The last topic on Monday was the "five-minute speed talks," where developers could briefly raise an issue of interest to them.

Linus started things off by talking about 2.7. It seems that he is getting very few complaints about the 2.6 kernel; just about everybody, it seems, is quite happy with it. Says Linus: "that's not good." Without a list of outstanding issues, there is little pressure to start the 2.7 development series; why bother, if there's nothing to do?

He has another concern as well. Linus believes that working as a two-person team with Andrew Morton has been highly effective. Nobody was prepared to disagree with him on that point. When 2.7 starts, Andrew will stay with 2.6 and that partnership will end - or, at least, change significantly. Finding somebody to take Andrew's place will be a tall order, to say the least.

2.7 is a topic which is to be revisited at the end of the Tuesday session.

Matthew Wilcox noted that PCI Express is taking off more quickly than had been anticipated, and that PCI Express video cards will likely displace AGP cards in the near future. Linux, thus, needs to get proper PCI Express support in place quickly. For various reasons, getting this support in place will require some memory management changes: PCI Express memory windows require new attributes which can only be set up using the newish "physical attribute table" (PAT) mechanism.

Paul McKenney claimed that some scalability issues remain in the kernel; he talked specifically about the dentry cache. Dentry aging is still done globally, and the relevant locking slows things down. Fixing this issue will require some significant rewrites, and is thus a 2.7 issue.

Andrew Morton was a bit annoyed, wondering why he had not heard about this issue until now. It seems that, since nobody expects the problem to be fixed in 2.6, it hasn't seen much public discussion so far.

Linus discussed the need for a cache for the readdir() VFS operation. Of all the filesystem operations, only readdir() remains uncached, and it is a performance problem in some situations - it hits Samba servers in particular. Part of that problem is the result of Samba's implementation of case-insensitive lookups, a feature which is unlikely to ever find its way into the mainline kernel. Some sort of readdir() caching may be added, instead, but it will not be trivial; among other things, some directories can be quite large and thus hard to cache.

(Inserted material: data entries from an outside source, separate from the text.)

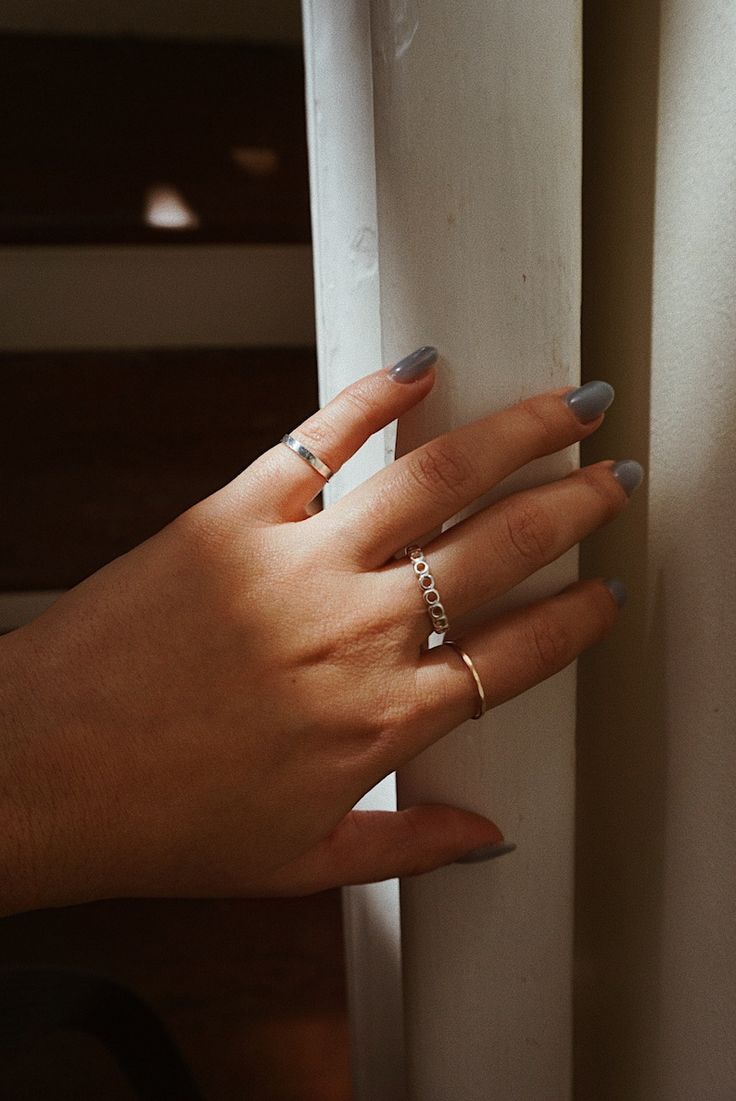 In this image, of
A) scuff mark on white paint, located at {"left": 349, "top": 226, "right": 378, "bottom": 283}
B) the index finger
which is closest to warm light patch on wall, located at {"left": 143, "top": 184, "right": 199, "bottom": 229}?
scuff mark on white paint, located at {"left": 349, "top": 226, "right": 378, "bottom": 283}

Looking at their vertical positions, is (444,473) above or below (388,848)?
above

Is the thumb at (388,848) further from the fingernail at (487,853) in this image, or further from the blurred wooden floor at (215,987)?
the blurred wooden floor at (215,987)

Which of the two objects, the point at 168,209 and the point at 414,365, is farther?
the point at 168,209

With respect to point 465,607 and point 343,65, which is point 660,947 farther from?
point 343,65

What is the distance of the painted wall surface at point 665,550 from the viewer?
0.30m

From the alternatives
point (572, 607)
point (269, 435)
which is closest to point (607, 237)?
point (572, 607)

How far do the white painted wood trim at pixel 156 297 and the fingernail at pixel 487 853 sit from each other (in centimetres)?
75

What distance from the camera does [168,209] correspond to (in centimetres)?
95

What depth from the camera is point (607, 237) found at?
0.38m

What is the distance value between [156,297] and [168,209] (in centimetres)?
11

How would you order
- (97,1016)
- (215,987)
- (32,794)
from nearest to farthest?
(32,794) < (97,1016) < (215,987)

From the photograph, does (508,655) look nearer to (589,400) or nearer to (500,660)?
(500,660)

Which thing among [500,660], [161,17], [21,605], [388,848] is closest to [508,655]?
[500,660]

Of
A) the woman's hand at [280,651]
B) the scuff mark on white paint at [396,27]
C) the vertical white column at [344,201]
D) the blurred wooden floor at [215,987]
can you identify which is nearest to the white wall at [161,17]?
the vertical white column at [344,201] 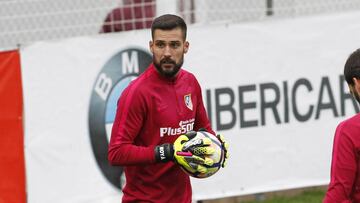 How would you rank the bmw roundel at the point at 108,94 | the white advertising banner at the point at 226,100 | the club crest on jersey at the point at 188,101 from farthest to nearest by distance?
1. the bmw roundel at the point at 108,94
2. the white advertising banner at the point at 226,100
3. the club crest on jersey at the point at 188,101

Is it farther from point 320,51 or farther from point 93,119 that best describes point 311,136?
point 93,119

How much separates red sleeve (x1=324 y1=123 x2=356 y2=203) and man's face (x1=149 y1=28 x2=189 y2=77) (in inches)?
50.2

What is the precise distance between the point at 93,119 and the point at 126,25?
1.01 m

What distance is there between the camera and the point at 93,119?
8461mm

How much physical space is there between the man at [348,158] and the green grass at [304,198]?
14.4ft

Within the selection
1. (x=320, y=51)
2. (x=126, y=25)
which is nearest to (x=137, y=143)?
(x=126, y=25)

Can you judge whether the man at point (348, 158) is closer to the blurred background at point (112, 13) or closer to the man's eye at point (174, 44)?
the man's eye at point (174, 44)

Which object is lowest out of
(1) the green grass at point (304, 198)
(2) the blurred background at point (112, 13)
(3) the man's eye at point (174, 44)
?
(1) the green grass at point (304, 198)

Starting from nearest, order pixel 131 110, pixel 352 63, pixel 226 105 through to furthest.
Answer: pixel 352 63 < pixel 131 110 < pixel 226 105

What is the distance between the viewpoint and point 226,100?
29.2 ft

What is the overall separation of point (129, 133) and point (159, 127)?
0.81ft

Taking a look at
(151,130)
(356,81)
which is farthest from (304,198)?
(356,81)

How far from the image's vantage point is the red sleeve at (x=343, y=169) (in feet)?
15.7

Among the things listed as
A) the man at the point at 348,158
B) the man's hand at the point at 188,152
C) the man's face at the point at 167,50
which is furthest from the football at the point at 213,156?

Other topics which came up included the early user space/initramfs work (which, says Linus, "will never happen," but which is apparently being shipped now by SUSE); the creation of a set of ABI header files for the kernel (which looks like a high priority for 2.7); whether OSDL should be doing more testing for the community (the real need, instead, is more people looking at the tests being done now); and the eternal goal of rewriting the TTY layer (which works "just well enough" that nobody can justify taking the time to fix it).

Getting rid of the timer tick may be an idea whose time will come in 2.7. The current timer interrupt does not provide the resolution needed for some tasks, but it comes far too often for other applications. Effective power management, in particular, needs to be able to turn off timer interrupts when nothing is happening. So, it has been said, "jiffies must die."

Further discussions took place in unstructured "bar BOFs" and will not be reported on here.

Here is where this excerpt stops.